A somewhat different tradition developed in the west.
Tertullian says that he preserves the monarchy of the Father when he holds that
"the Spirits comes from no other source than from the Father through the
Son" (Prax. 4.1). Hilary of Poitiers syas that the Holy Spirit expresses
the unity of the Trinity because the Spirit "receives from both" the
Father and the Son (Op. hist. frg. 2.231). Marius Victorinus writes that the
Father is principally (principaliter) the source of the Holy Spirit (Adv. Arium
3.8) and that "the Spirit receives form Christ, Christ having received
from the Father, so that the Spirit also receives from the Father" (Adv.
Arium 1.13); this statement seems to imply a certain mediatory position or
influence of the Son. Ambrose holds that the Holy Spirits is not separated from
the Father and the Son "when he proceeds from the Father and the Son"
(Sp. Sanct. 1.11.120). Although in these texts Hilary, Victorinus, and Ambrose
speak directly of the saving mission of the Spirit, they tend to move from
these temporal mission or procession toward the eternal procession.
Against this traditional background, Augustine developed a
clearer, more explicit doctrine about the immanent procession the Holy Spirit.

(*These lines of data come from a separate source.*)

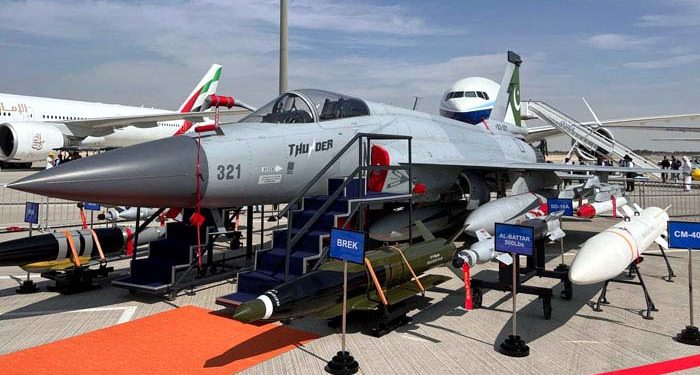 دبئی ایئر شو میں دوست ملک کے ساتھ جے ایف 17 تھنڈر کی خریداری کے معاہدے پر دستخط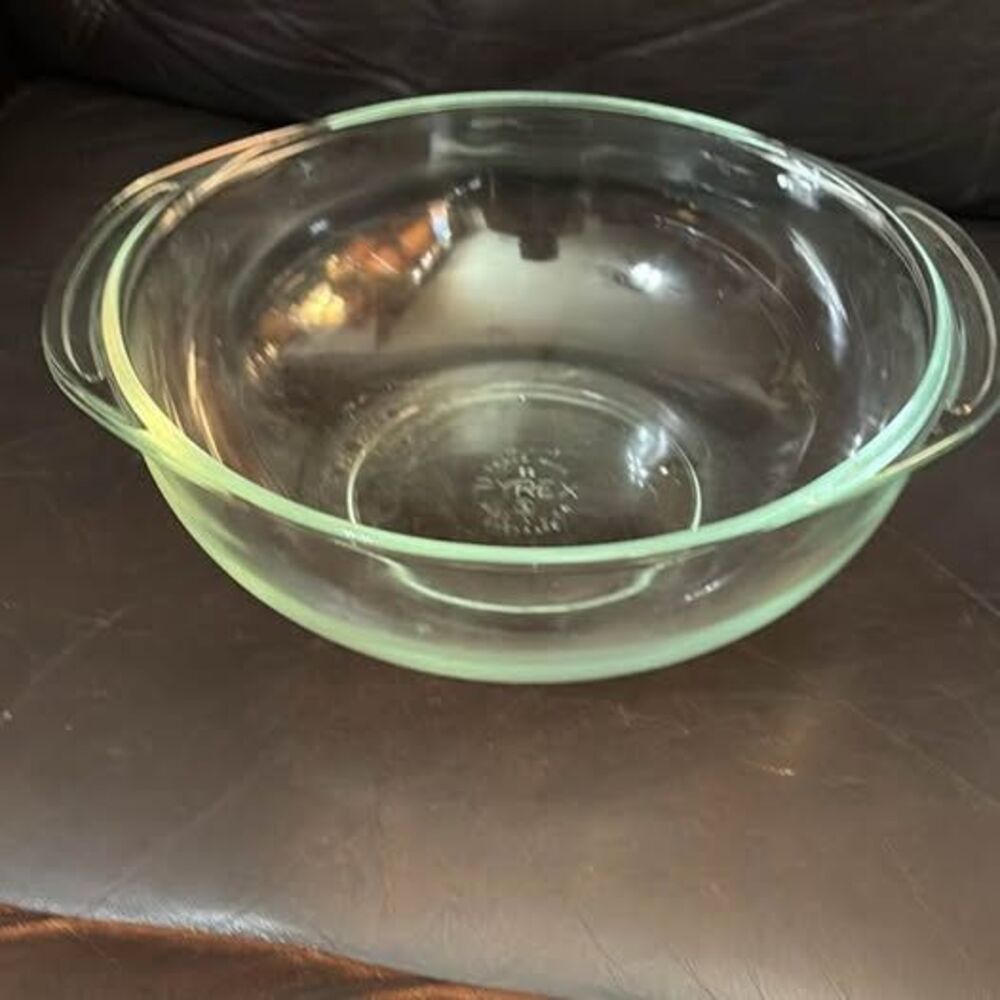 Vintage Pyrex 024 Glass Mixing Bowl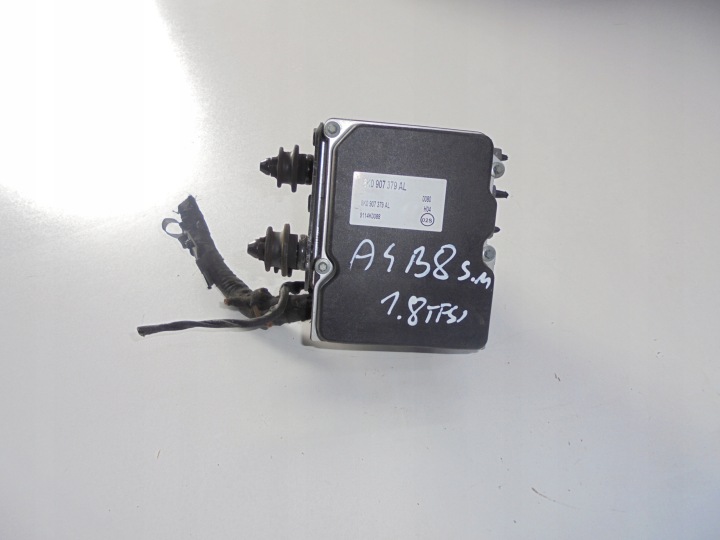AUDI A4 B8 A5 unité de commande électronique uce pompe ABS ESP 8K0907379AL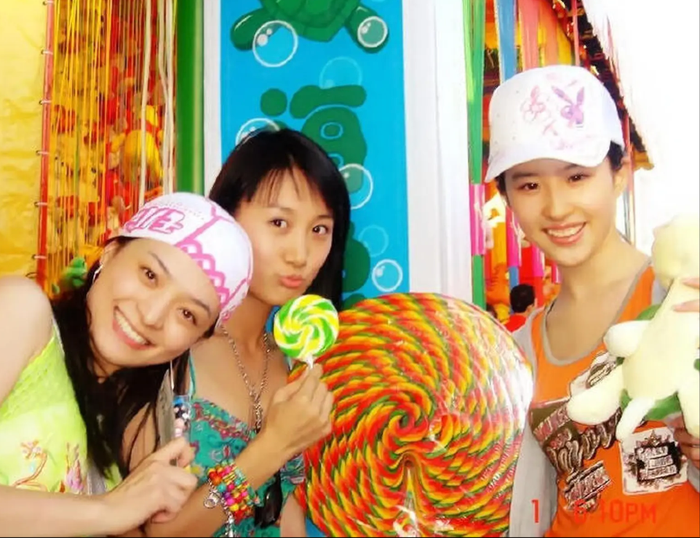 Khoảnh khắc Lưu Diệc Phi xuất hiện bên cạnh bạn của mình.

"The Son," he says, "is born of the Father, and the Holy Spirit
proceed from the Father principally and (by [the Father's] gift and with no
lapse of time) commonly from both" (Trin. 15.26.47); he adds that the Son
"has it from the Father that the Holy Spirit should also proceed from
him" (ibid.). This carefully phrased Augustinian doctrine was already
simplified in the western creed known as Quicunque vult, reverenced as bearing
the authority of its supposed author, Athanasius, it said that "the Holy
Spirit is from the Father and the Son, not made or created or begotten, but
proceeding."
This creed, together with Augustine's theology, influenced
the Third Council of Toledo (589) to teach, with less care than had Augustin,
that Holy Spirit proceeds from both the Father and the Son (ex Patre et filio
proedere) and to anathematized "those who do not believe... that the Holy
Spirit proceeds from the Father and the Son" (ed. Vives. pp. 109, 118);
however, the text of the Nicene-Constantinopolitan Creed, including the phrase
"proceeding from the Father and the Son," was added to the
manuscripts of this council only at a later dat. The Nicene-Constantinopolitan
Creed had been sung for some time in the Eucharist Liturgy in Spain; it was
perhaps in 675, at the Third (provincial) Council of Braga, that the phrase
"and from the Son" was added to "proceeds from the Father"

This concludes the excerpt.